## 3.3 Consistent estimators

The concept of consistency is related with the sample size \(n.\) Assume that \(X\) is a rv with induced probability \(\mathbb{P}(\cdot;\theta),\) \(\theta\in\Theta,\) and that \((X_1,\ldots,X_n)\) is a srs of \(X.\) Take an estimator \(\hat{\theta}\equiv\hat{\theta}(X_1,\ldots,X_n),\) where we have emphasized the dependence of the estimator on the srs. Of course \(\hat{\theta}\) depends on \(n\) and, to remark that, we will also denote the estimator by \(\hat{\theta}_n.\) The question now is: what happens with the distribution of this estimator as the sample size increases? Is its distribution going to be more concentrated around the true value \(\theta\)?

We will study different concepts of consistency, all of them taking into account the distribution of \(\hat{\theta}.\) The first concept we will see tell us that an estimator is *consistent in probability* if the probability of \(\hat{\theta}\) being far away from \(\theta\) decays as \(n\to\infty.\)

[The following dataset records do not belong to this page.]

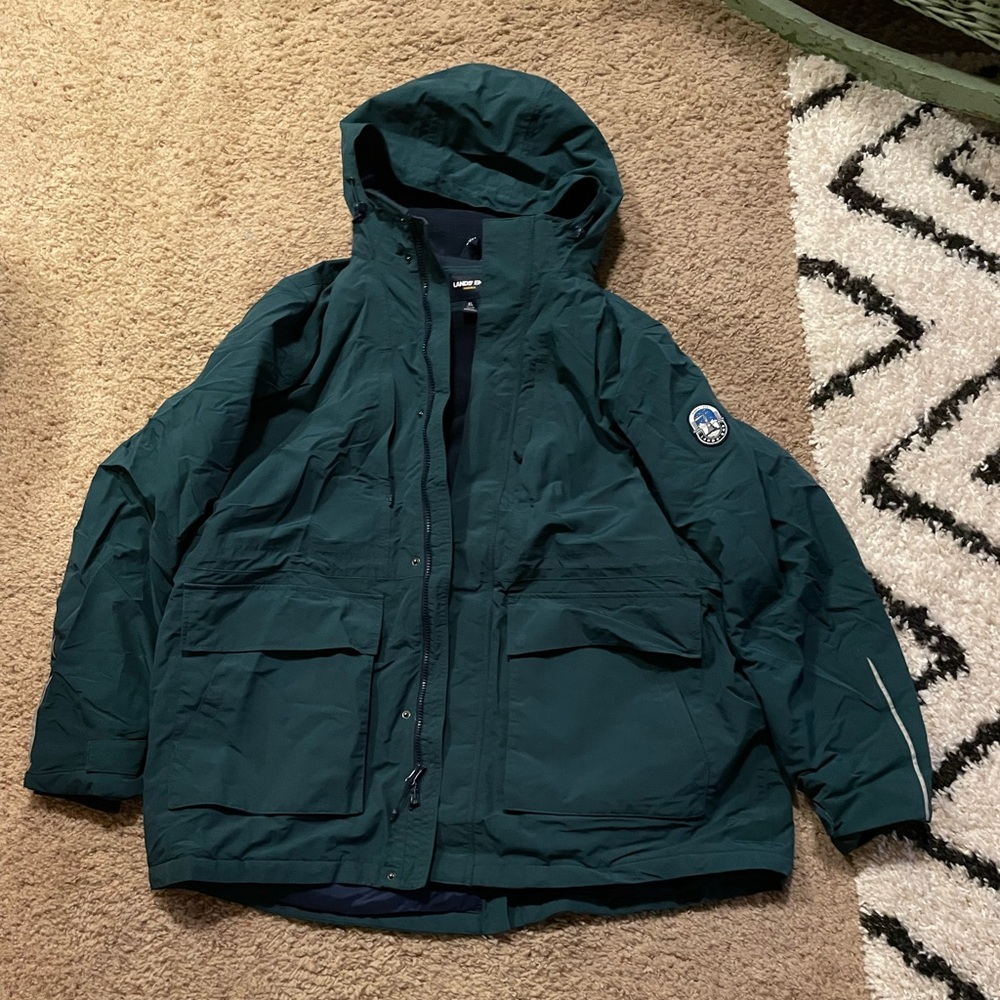 Lands End green Men’s Squall parka XL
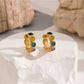 Earedge - Irregular Multicolored Curved Earrings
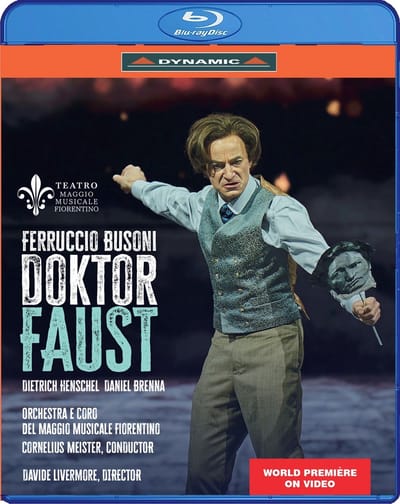 Cornelius Meister, Daniel Brenna, Orchestra del Maggio Musical Fiorentino, Cornelius Meister - Busoni: Doktor Faust (Blu-ray)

**Example 3.11 **Let \(X\sim \mathcal{N}(\mu,\sigma^2).\) Let us see how the distribution of \(\bar{X}-\mu\) changes as \(n\) increases, for \(\sigma=2.\)

We know from Theorem 2.1 that

\[\begin{align*} Z=\frac{\bar{X}-\mu}{\sigma/\sqrt{n}}\sim\mathcal{N}(0,1). \end{align*}\]

From that result, we have computed below the probabilities \(\mathbb{P}\left(\vert\bar{X}_n-\mu\vert>\varepsilon\right)=2\mathbb{P}\left(Z>\frac{\varepsilon}{\sigma/\sqrt{n}}\right)\) for \(\varepsilon_1=1\) and \(\varepsilon_2=0.5.\)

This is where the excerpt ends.